---- Information
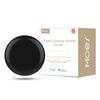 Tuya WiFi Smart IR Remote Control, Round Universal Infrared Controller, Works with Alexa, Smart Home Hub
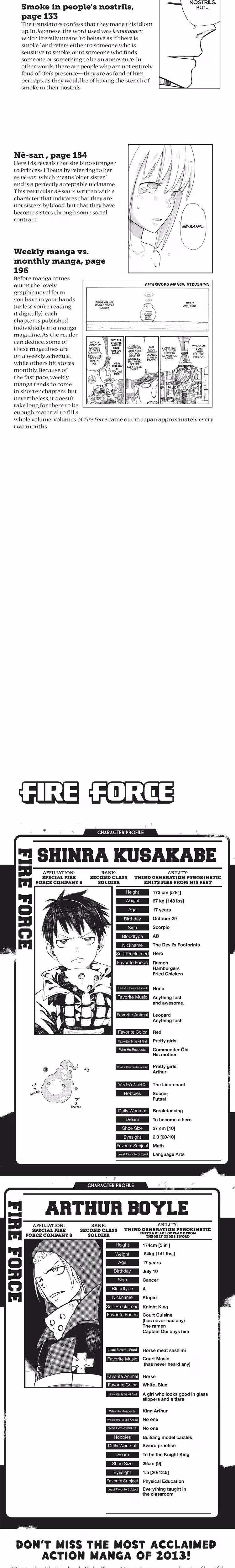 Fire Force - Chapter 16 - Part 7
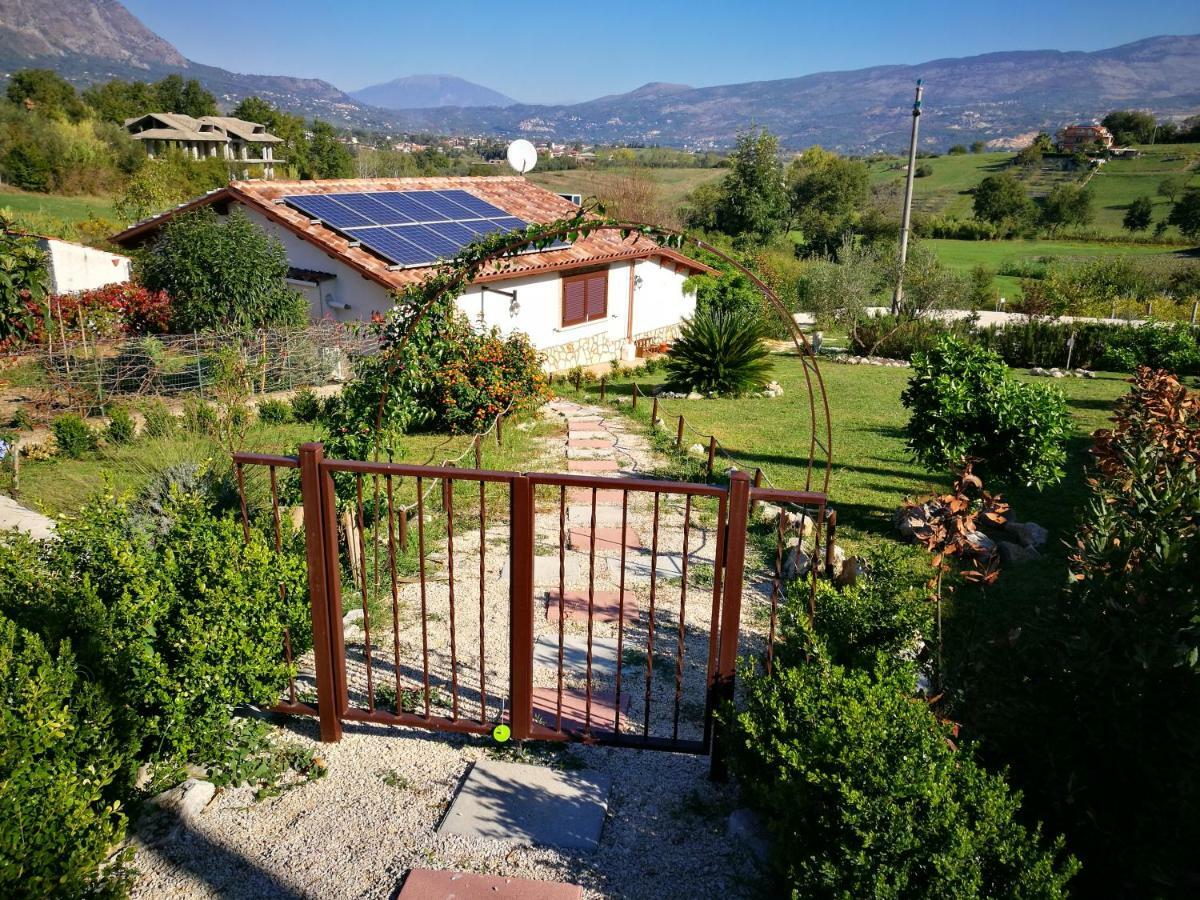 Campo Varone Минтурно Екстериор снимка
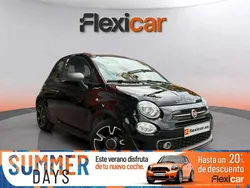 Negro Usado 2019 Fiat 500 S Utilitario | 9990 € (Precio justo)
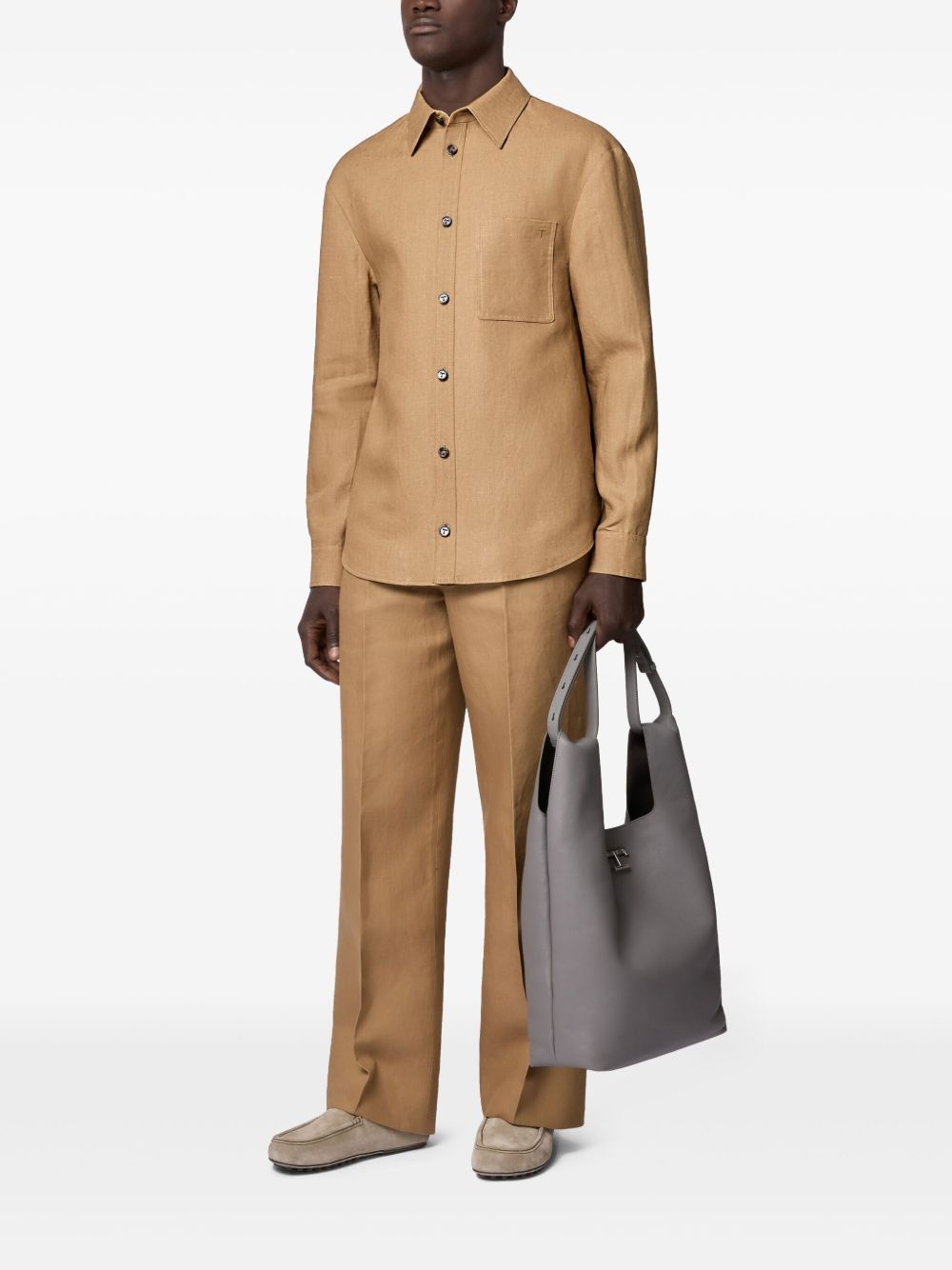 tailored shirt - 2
--------
#### Requirement
Transcribe the material as is, with images omitted.

#### Result of the task
 Tuya WiFi Smart IR Remote Control, Round Universal Infrared Controller, Works with Alexa, Smart Home Hub
 Fire Force - Chapter 16 - Part 7
 Campo Varone Минтурно Екстериор снимка
 Negro Usado 2019 Fiat 500 S Utilitario | 9990 € (Precio justo)
 tailored shirt - 2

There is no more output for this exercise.